A "function-definition" consists of:
declaration-specifiers declarator declaration-list(opt) compound-statement
This is the only occurrence of "compound-statement" in the grammar that's not a "statement".
Note that if the grammar required a "statement" here rather than a "compound-statement", the following would be legal:
int foo(void) return 42; /* not legal C */
More problematically
int foo(void);
would be a valid function definition because plain ; is a valid statement.
Instead, we have to write:
int foo(void) { return 42; } } The claim that this "compound-statement" is not a "statement" is based on a painfully literal reading of the grammar. If you want to argue that a compound statement must be a statement (by the rules of ordinary English grammar), I won't disagree too strongly.
I originally mentioned it as a curiosity. However forgetting the language
grammar for a second is it actually useful to think of a function body as
a statement? IMO there is too much incorrect baggage with that
association, just think of a function body as a function body and a
compound statement, which are correct.
Lawrence
On Sat, 18 Dec 2004 02:34:53 +0000, Dik T. Winter wrote: In article <ln************@nuthaus.mib.org> Keith Thompson <ks***@mib.org> writes: > The claim that this "compound-statement" is not a "statement" is based > on a painfully literal reading of the grammar. Depends on which way you wish to go in the grammar.

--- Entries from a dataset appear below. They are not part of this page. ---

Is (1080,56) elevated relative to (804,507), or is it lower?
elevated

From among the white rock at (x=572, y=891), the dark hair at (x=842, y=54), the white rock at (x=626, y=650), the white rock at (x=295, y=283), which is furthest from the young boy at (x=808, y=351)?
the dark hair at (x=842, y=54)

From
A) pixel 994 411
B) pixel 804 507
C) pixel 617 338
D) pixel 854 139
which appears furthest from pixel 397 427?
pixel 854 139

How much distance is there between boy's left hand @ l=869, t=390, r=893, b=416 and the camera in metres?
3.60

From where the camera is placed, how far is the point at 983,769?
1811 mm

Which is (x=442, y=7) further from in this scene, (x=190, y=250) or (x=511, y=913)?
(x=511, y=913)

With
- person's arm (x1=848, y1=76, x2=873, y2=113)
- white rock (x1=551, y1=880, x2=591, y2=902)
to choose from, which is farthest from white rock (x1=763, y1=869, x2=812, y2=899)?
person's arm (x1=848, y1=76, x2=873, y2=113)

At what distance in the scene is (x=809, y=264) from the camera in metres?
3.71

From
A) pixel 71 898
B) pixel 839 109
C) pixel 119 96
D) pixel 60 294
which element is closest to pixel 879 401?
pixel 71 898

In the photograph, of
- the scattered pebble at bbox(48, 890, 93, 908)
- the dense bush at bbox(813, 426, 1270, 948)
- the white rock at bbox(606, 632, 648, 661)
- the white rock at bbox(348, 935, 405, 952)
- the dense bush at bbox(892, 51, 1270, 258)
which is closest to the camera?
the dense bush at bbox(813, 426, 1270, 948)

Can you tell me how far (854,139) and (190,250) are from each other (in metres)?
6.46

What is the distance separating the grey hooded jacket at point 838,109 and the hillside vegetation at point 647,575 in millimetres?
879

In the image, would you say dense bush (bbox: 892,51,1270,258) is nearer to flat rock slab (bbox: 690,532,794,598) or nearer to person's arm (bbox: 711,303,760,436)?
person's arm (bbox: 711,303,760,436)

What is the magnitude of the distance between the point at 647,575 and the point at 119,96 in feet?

However you do it there is no way using valid productions in the C grammar
for a statement non-terminal to be produced in the position if a function
body. It can only be a compound-statement.
A compound-statement is a specific form of a statement (and has been so since the introduction of the term in Algol 60). So, by all means, the function body is a statement of particular form (and that was not the case in Algol 60).
No, it isn't a statement of a particular form. It has the same form as a
particular subclass of statement but that doesn't make it a statement.
Now that could be viewed as a defect in the standard if you expect the
semantics of C90 6.6/C99 6.8 (the clause defining a statement) to be
applied to an overall function body, because as it stands they are not. It
looks to me like C99 6.8 p2 and p3 should be moved to 6.8.2 because they
apply specifically to compound statements (you only get a sequence of
statements within a compound statement, and the term "block" specifically
relates to a compound statement).
In my opinion when Lawrence wrote that that particular compound-statement was not a statement, he was wrong.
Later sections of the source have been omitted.